Supporting packages

Note

The Windows installation of Recoll is self-contained, and only needs Python 2.7 to be externally installed. Windows users can skip this section.

Recoll uses external applications to index some file types. You need to install them for the file types that you wish to have indexed (these are run-time optional dependencies. None is needed for building or running Recoll except for indexing their specific file type).

After an indexing pass, the commands that were found missing can be displayed from the recoll File menu. The list is stored in the missing text file inside the configuration directory.

A list of common file types which need external commands follows. Many of the handlers need the iconv command, which is not always listed as a dependancy.

Please note that, due to the relatively dynamic nature of this information, the most up to date version is now kept on http://www.recoll.org/features.html along with links to the home pages or best source/patches pages, and misc tips. The list below is not updated often and may be quite stale.

For many Linux distributions, most of the commands listed can be installed from the package repositories. However, the packages are sometimes outdated, or not the best version for Recoll, so you should take a look at http://www.recoll.org/features.html if a file type is important to you.

As of Recoll release 1.14, a number of XML-based formats that were handled by ad hoc handler code now use the xsltproc command, which usually comes with libxslt. These are: abiword, fb2 (ebooks), kword, openoffice, svg.

Now for the list:

  • Openoffice files need unzip and xsltproc.

  • PDF files need pdftotext which is part of Poppler (usually comes with the poppler-utils package). Avoid the original one from Xpdf.

  • Postscript files need pstotext. The original version has an issue with shell character in file names, which is corrected in recent packages. See http://www.recoll.org/features.html for more detail.

  • MS Word needs antiword. It is also useful to have wvWare installed as it may be be used as a fallback for some files which antiword does not handle.

  • MS Excel and PowerPoint are processed by internal Python handlers.

  • MS Open XML (docx) needs xsltproc.

  • Wordperfect files need wpd2html from the libwpd (or libwpd-tools on Ubuntu) package.

  • RTF files need unrtf, which, in its older versions, has much trouble with non-western character sets. Many Linux distributions carry outdated unrtf versions. Check http://www.recoll.org/features.html for details.

  • TeX files need untex or detex.

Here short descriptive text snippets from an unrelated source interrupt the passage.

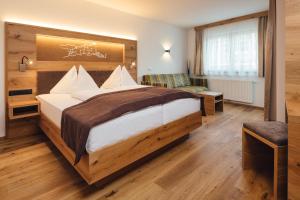 Postel nebo postele na pokoji v ubytování Hotel Post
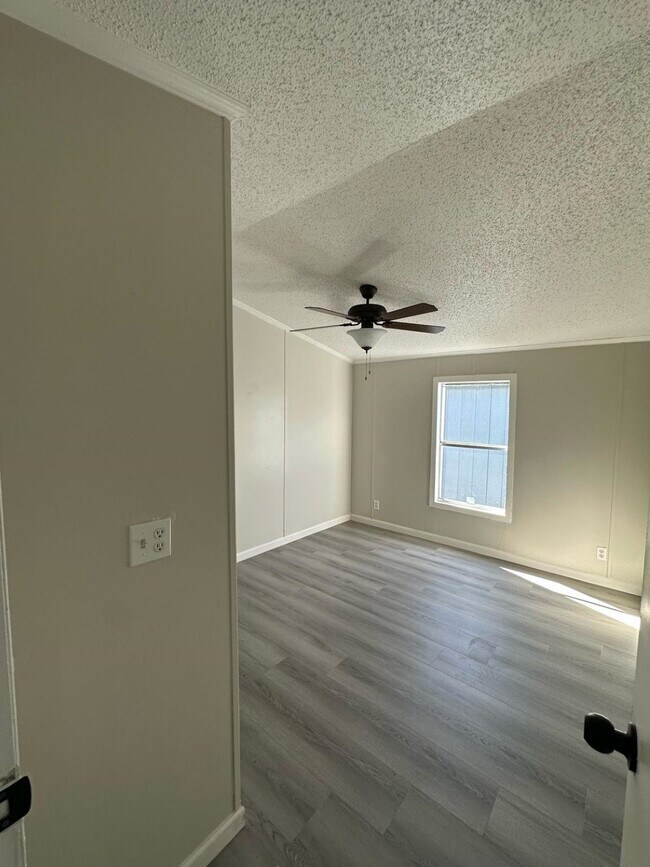 Building Photo - 1100 Rd 5894
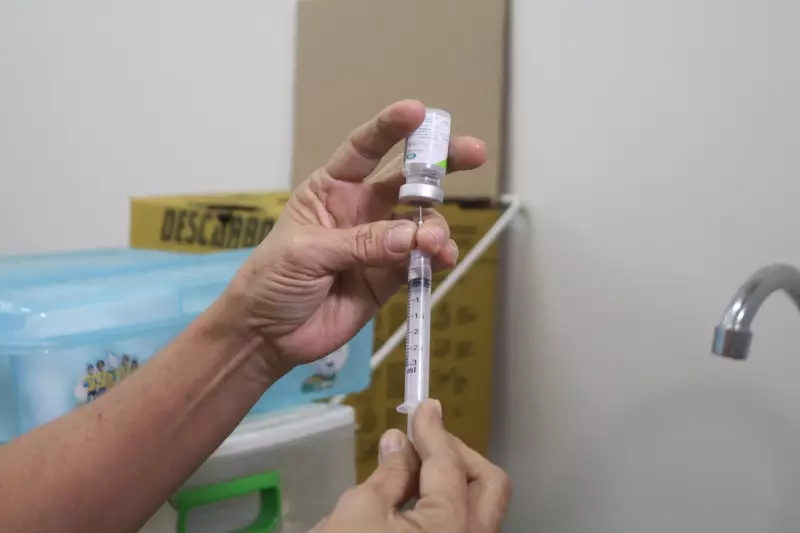 Vacina contra dengue agora disponível sem agendamento para jovens em Teresina — confira os locais!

Check http://www.recoll.org/features.html for sources if it's not packaged for your distribution.

  • dvi files need dvips.

  • djvu files need djvutxt and djvused from the DjVuLibre package.

  • Audio files: Recoll releases 1.14 and later use a single Python handler based on mutagen for all audio file types.

  • Pictures: Recoll uses the Exiftool Perl package to extract tag information. Most image file formats are supported. Note that there may not be much interest in indexing the technical tags (image size, aperture, etc.). This is only of interest if you store personal tags or textual descriptions inside the image files.

  • chm: files in Microsoft help format need Python and the pychm module (which needs chmlib).

  • ICS: up to Recoll 1.13, iCalendar files need Python and the icalendar module. icalendar is not needed for newer versions, which use internal code.

  • Zip archives need Python (and the standard zipfile module).

  • Rar archives need Python, the rarfile Python module and the unrar utility.

  • Midi karaoke files need Python and the Midi module

  • Konqueror webarchive format with Python (uses the Tarfile module).

  • Mimehtml web archive format (support based on the email handler, which introduces some mild weirdness, but still usable).

Text, HTML, email folders, and Scribus files are processed internally. Lyx is used to index Lyx files. Many handlers need iconv and the standard sed and awk.